Как признается Иван Каблуков, «мой „фашизм” — это крик, который должен быть услышан. Молчать нельзя. Преступно — молчать. Мой „фашизм” — смысловая провокация, яркий, трагический образ, необходимый для того, чтобы расцветить блеклый облик нынешнего национал-радикального движения, давно уже ставшего призраком, уныло слоняющимся по улицам с хоругвью и свастикой. Наконец, это искреннее уважение к заблудшим героям былой Европы, чей опыт так же полезен нам, как опыт парижских коммунаров был полезен большевикам». Не зря фашизм здесь взят в кавычки — это не политическое движение, а персональная вера отчаявшегося человека.
Роман действительно можно назвать долгожданным. По сути, перед нами новое слово о русской эмиграции. Не Париж, не Берлин, не Прага и даже не Шанхай и Харбин (маркированный в названии романа), о которых написано немало (хотя об эмиграции всегда мало, всегда есть лакуны, требующие заполнения), но именно Таллинн (Ревель), доселе не проявлявший себя в этом отношении зримо, попадает в поле зрения автора. В романе выведены в качестве некоторых персонажей вполне конкретные исторические лица: Борис Вильде, А. В. Черниговский-Чернявский, но важнее, пожалуй, обобщенный образ русских, обитающих за пределами своей страны. «Русских узнаешь по старым шляпам. У „Русалки” под ивами на скамейках сидят — пальто в подпалинах, драная шуба. Над ними на ветках вороны. Небо свернулось, как сливки. Ветер гонит бумажки по променаду. Вытягивает чей-то зонтик. Крякнул клаксон. Шляпы шевелятся, смотрят вслед автомобилю. Листья, бумажки, фонари. Так они и сидят. Шелестят газетами. Донашивают костюмы. Плывут по дорожкам Екатериненталя. Стоят там и тут, как шахматные фигуры. Каплями пуантилиста проступают на фоне серого моря. Сядешь на скамейку, и тут же кого-нибудь принесет».
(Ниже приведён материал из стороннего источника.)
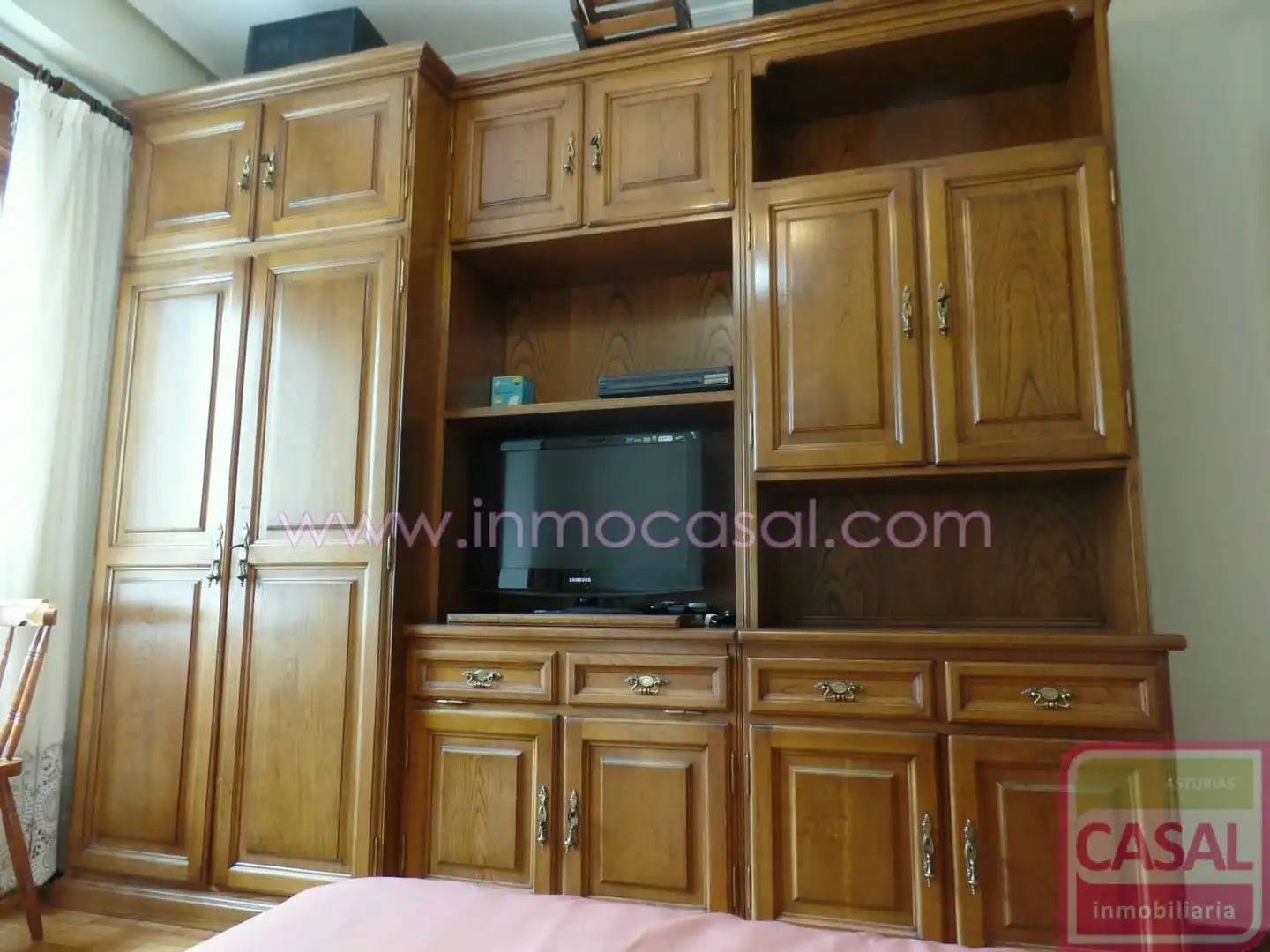 Wohnzimmer von Wohnung zur Miete in Oviedo  mit Heizung, Terrasse und Möbliert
Эмигрантские тексты — амплуа Андрея Иванова, которого можно уже по праву назвать специалистом по быту и бытию эмиграции, причем не только и не столько теоретиком, а, учитывая его биографию, и практиком. Однако «Харбинские мотыльки» — это едва ли не единственный текст, лишенный автобиографизма в силу его исторической дистанцированности от автора, хотя, как водится в текстах данного писателя, полный автопсихологизма. И здесь вновь оказываются востребованными столь любимые Андреем Ивановым герои-маргиналы, герои, переживающие мучительную разлуку с Родиной и не менее мучительно встраивающиеся в новую систему социальных отношений, будь то лагеря для «азулянтов» на Лолланде, постсоветский Таллинн или досоветский Ревель.
Главный герой романа — кунстник Борис Ребров. Кунстник — в переводе с эстонского художник. Ребров не зря называет себя именно по-эстонски, акцентируя положение эмигранта и вольного художника с нестабильным заработком и неопределенным будущим. К тому же художником в традиционным смысле он не является, поскольку хоть и пишет картины, но ими не ограничивается, занимаясь фотографией и даже инсталляциями. Например, самой популярной его работой становится созданная из подручных предметов и затем запечатленная на пленку Вавилонская башня, символ эмигрантского существования, его лингвистического аспекта и в большей мере — бытийного, лишенного какой-либо уверенности в завтрашнем дне.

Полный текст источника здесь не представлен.